╭─ Given data

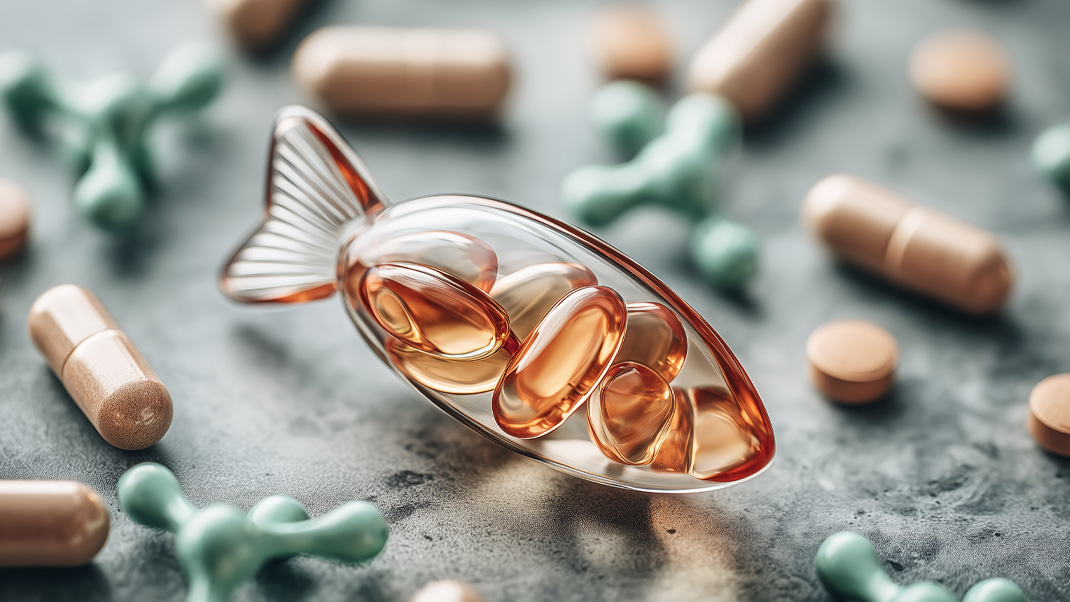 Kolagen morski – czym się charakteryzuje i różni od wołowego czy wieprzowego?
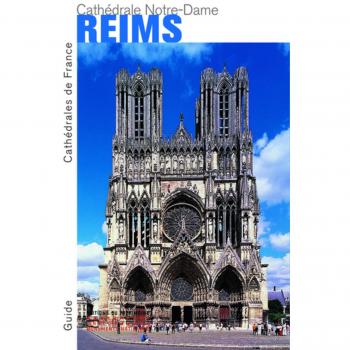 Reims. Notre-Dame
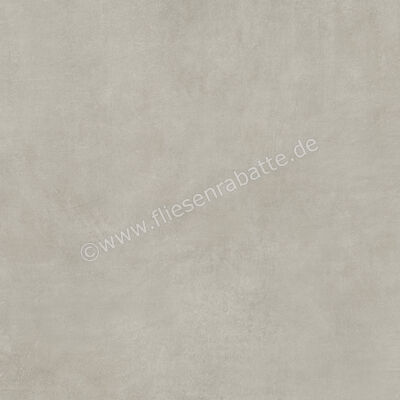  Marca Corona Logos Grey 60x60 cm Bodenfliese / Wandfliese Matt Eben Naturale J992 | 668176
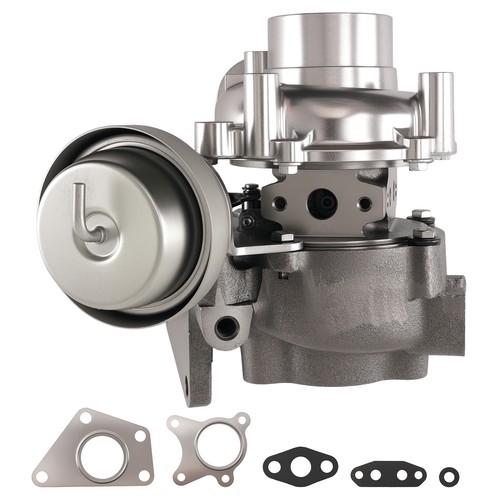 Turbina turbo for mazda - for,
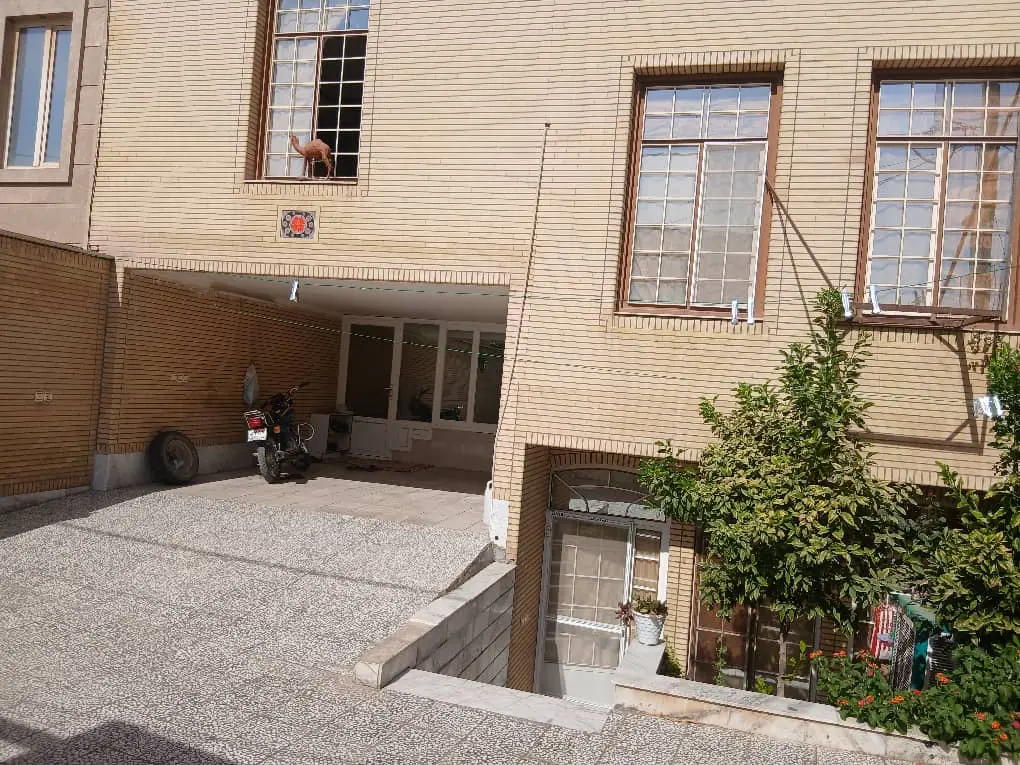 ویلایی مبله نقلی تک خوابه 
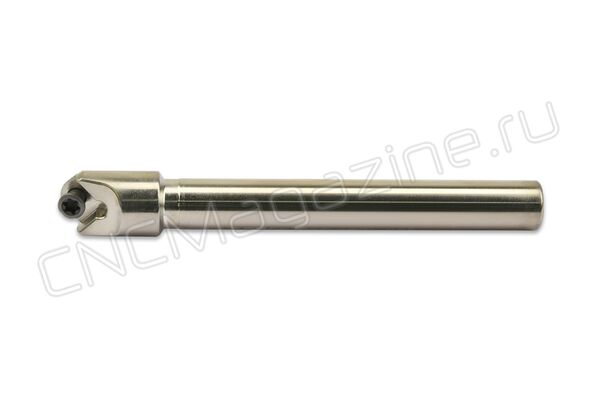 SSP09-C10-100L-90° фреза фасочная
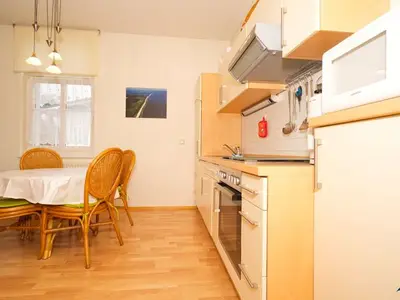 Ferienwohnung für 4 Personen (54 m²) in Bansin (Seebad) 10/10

╰─
╭─ Given data

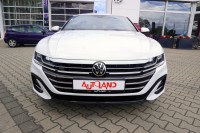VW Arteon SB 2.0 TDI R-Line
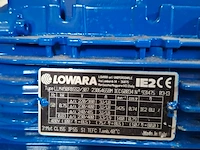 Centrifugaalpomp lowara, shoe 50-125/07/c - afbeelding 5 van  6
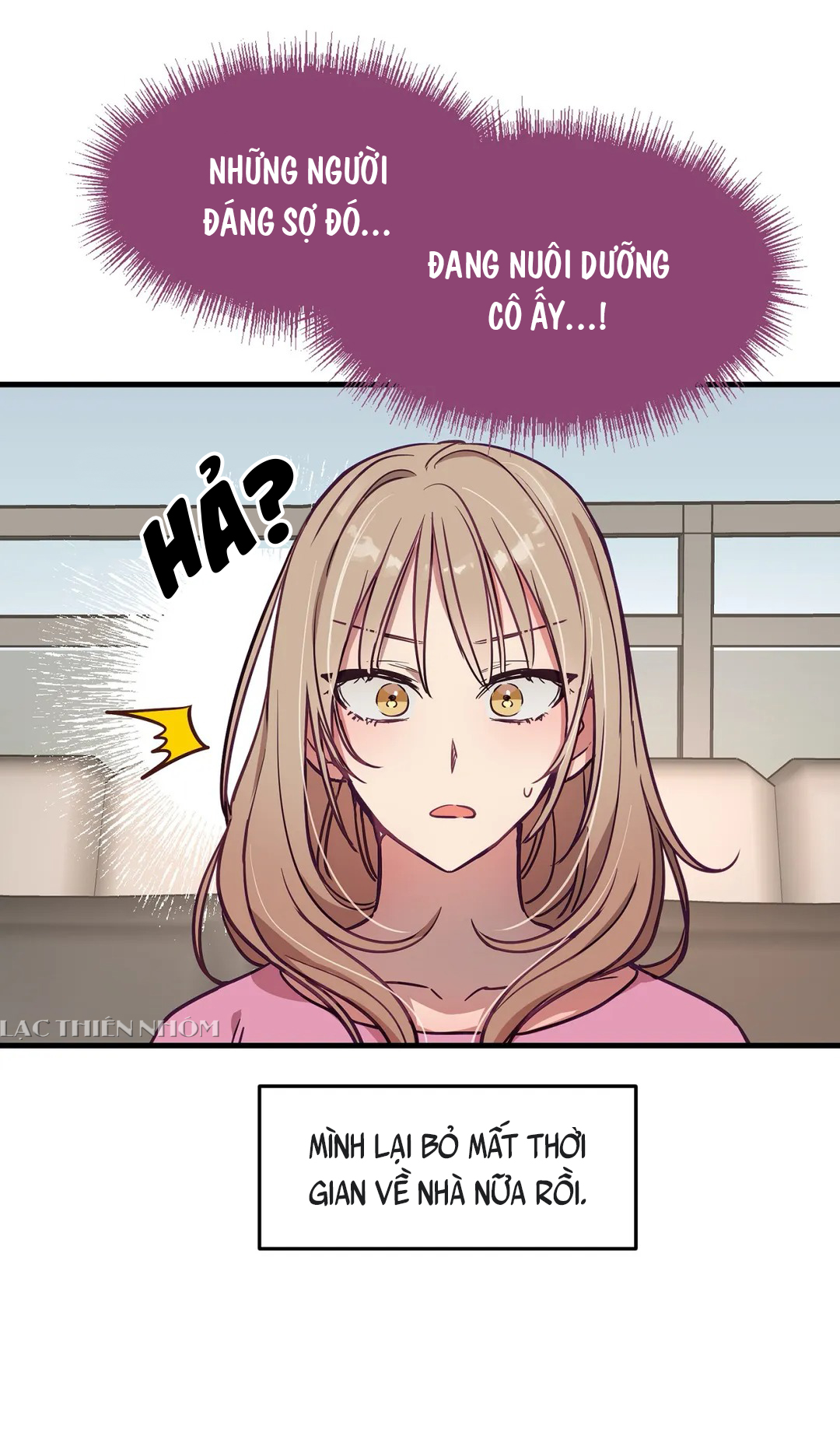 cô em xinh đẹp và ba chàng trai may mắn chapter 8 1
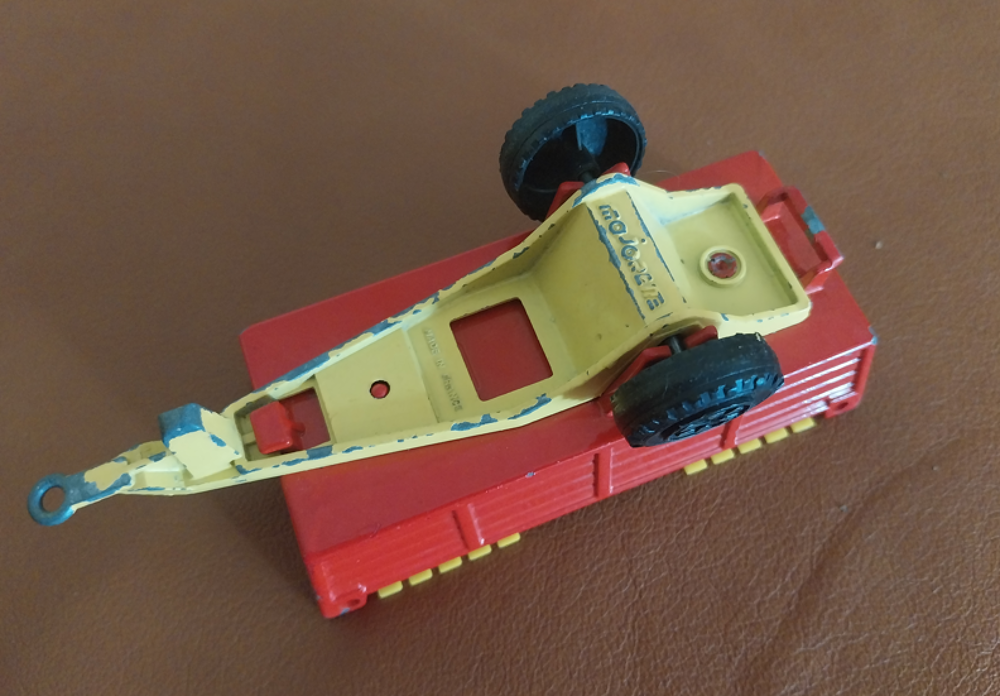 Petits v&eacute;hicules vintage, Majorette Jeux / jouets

╰─

— What you will do —
Every line from the one with "Kolagen morski –" through the one with "Ferienwohnung für 4" is to be reproduced exactly as written above, and the pictures are to be dropped.

— Expected answer —
 Kolagen morski – czym się charakteryzuje i różni od wołowego czy wieprzowego?
 Reims. Notre-Dame
  Marca Corona Logos Grey 60x60 cm Bodenfliese / Wandfliese Matt Eben Naturale J992 | 668176
 Turbina turbo for mazda - for,
 ویلایی مبله نقلی تک خوابه 
 SSP09-C10-100L-90° фреза фасочная
 Ferienwohnung für 4 Personen (54 m²) in Bansin (Seebad) 10/10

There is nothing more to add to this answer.